Работу советских органов власти по приему врангелевцев усложнял целый ряд обстоятельств. Во-первых, власти опасались присутствия в столь взрывоопасном районе каких-либо потенциально опасных больших групп; во-вторых, созданные в ходе Гражданской войны фильтрационные лагеря для военнопленных уже были свернуты; в-третьих, отсутствовали запасы продовольствия, медикаментов и жилья. Было еще одно важное препятствие возвращению белогвардейцев на родину — отсутствие решения об их амнистии. По этому поводу послы России неоднократно обращались к народному комиссару иностранных дел РСФСР Г.В. Чичерину с просьбой поскорее решить эту проблему, так как они не могут оформлять визы решившим возвратиться участникам Белого движения. Только 3 ноября такая амнистия была объявлена.
Врангелю на некоторое время удалось приостановить отток своих военнослужащих в Советскую Россию. Но одновременно французы активно вели поиск и отправку желающих уехать в Бразилию. В городе и лагере на видных местах были расклеены объявления, где рассказывалось об условиях жизни, которые эта страна якобы готова предоставить русским беженцам. Позже выяснилось, что никакого соглашения о приеме русских беженцев Бразилией в то время не существовало. По словам В.Х. Даватца, их там ожидало настоящее «белое рабство»{163}.

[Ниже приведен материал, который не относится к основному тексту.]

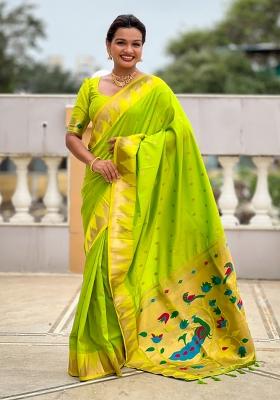 Parrot Green Jacquard Silk Saree Set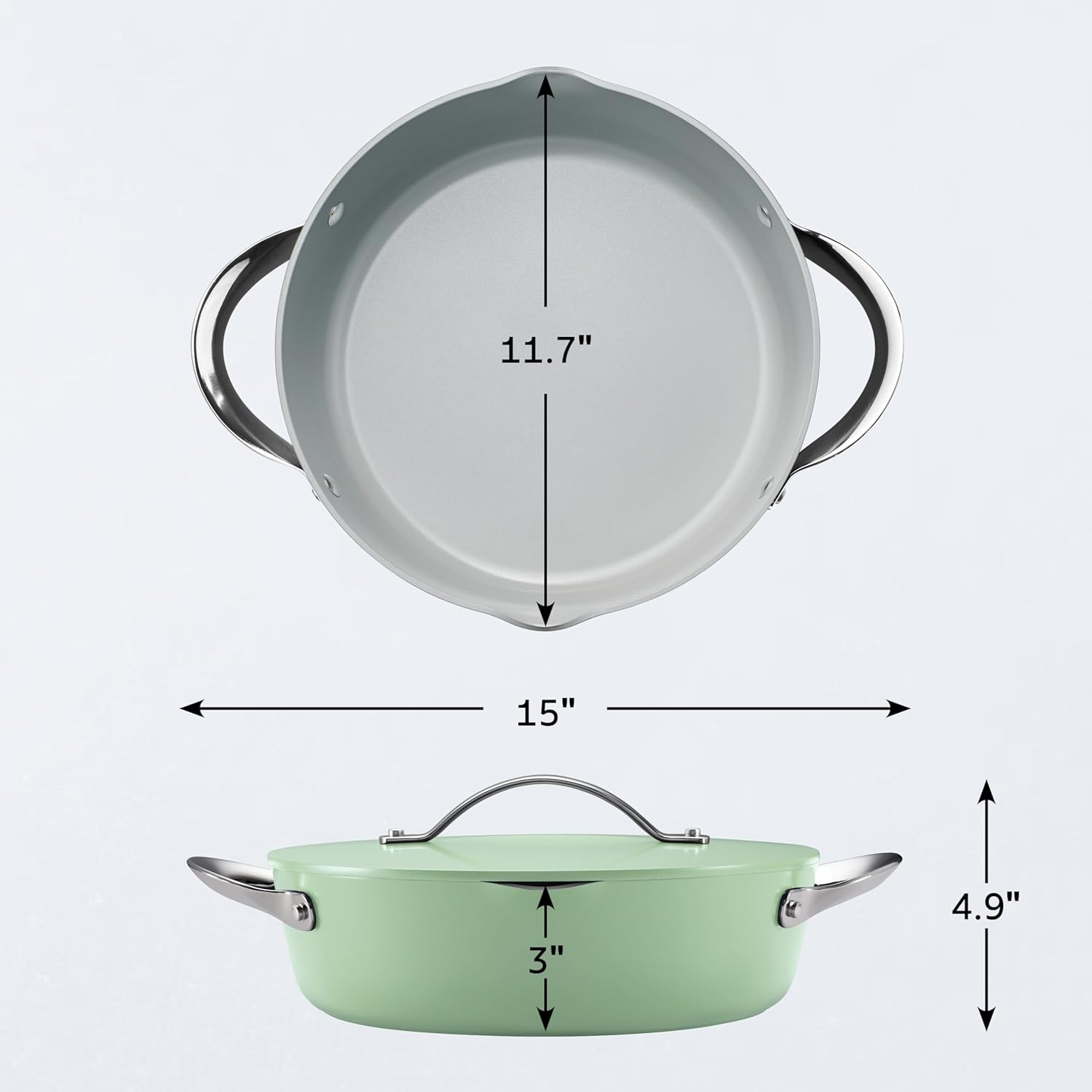 Tramontina Fiora 4.25-Quart Multipurpose Ceramic Non Stick Cooking Pan with Lid, Mint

Тем не менее французам удалось отправить в Бразилию около 2000 русских беженцев. «Многие, — пишет по этому поводу И. Критский, — бросили армию и потому, что устали от войны, от всего, что напоминало ее. Уезжали также из-за личных обид. Солдат тянуло сесть на землю»{164}. Со временем те мартовские дни 1921 г., связанные с отправкой желающих уехать в Бразилию, Галлиполийцы назвали «бразильянскими». В один из таких дней при посадке беженцев на пароход произошел серьезный инцидент между русскими и французами, опять осложнивший их и без того натянутые отношения. Именно в это время Кутепову и Врангелю сообщили, что с 1 апреля русские снимаются со всех видов довольствия.

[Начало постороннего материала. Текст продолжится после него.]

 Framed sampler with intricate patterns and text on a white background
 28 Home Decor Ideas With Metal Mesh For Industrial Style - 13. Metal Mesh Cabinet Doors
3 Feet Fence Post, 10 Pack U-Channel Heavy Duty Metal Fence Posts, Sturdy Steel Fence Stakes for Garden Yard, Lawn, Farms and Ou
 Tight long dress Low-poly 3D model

В этот раз отъезжавшим солдатам и офицерам у трапа представитель американского Красного Креста выдавал по пакету, где были пижамы, полотенца, туалетные принадлежности и прочая мелочь. Нашлись ловкачи, которые решили получить такие подарки, но с корабля уйти. Однако французский караул проявил бдительность и задержал их. Возникла потасовка, о которой тут же стало известно Кутепову, и тот лично вместе с адъютантом поспешил в порт. О том, как дальше развивались события, рассказал один из очевидцев в журнале «Галлиполиец», подписавший свою статью: «Галлиполиец. Удостоверение № 69». Этот рассказ заслуживает того, чтобы привести его полностью.
«Увидев Кутепова, французский лейтенант вызвал свой караул, преградил им улицу и приказал взять "на изготовку". Адъютант командира корпуса крикнул ему по-французски: — Что вы делаете? Ведь это командир русского корпуса! А лейтенант, грубо размахивая руками, ответил: — Здесь нет ни корпусов, ни генералов! Я прикажу стрелять! — Генерал Кутепов спокойно и властно отчеканил: — Дежурную роту александровцев сюда бегом! Константиновцев в ружье!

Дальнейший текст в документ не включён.